■ THE PROBLEM: In the listing that follows, how many lines contain "Fence"? Give the number only.

■ TASK INPUTS:

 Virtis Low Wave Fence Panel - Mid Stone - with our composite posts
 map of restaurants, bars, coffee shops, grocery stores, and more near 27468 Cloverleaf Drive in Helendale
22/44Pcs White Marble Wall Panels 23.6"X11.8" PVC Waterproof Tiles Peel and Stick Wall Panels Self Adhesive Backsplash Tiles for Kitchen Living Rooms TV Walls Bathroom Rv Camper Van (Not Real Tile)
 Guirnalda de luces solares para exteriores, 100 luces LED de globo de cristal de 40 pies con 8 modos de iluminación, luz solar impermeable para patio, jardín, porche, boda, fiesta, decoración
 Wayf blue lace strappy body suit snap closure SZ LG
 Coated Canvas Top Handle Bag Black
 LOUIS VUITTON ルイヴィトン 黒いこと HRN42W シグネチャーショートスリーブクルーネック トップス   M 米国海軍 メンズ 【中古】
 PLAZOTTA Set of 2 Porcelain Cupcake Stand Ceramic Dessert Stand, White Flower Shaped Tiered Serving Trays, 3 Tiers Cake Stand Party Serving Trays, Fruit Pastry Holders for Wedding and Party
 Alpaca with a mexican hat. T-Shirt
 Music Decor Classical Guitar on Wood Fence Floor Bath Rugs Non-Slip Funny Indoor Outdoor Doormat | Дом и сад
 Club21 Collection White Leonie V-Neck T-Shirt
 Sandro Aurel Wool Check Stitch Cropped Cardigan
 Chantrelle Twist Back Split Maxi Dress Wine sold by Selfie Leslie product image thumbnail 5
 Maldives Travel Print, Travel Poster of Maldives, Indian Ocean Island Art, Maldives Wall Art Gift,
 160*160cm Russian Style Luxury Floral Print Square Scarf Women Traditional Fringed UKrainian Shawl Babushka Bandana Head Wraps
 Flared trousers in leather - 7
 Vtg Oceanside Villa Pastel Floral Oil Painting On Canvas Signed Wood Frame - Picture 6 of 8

■ SOLVED PROBLEM: 2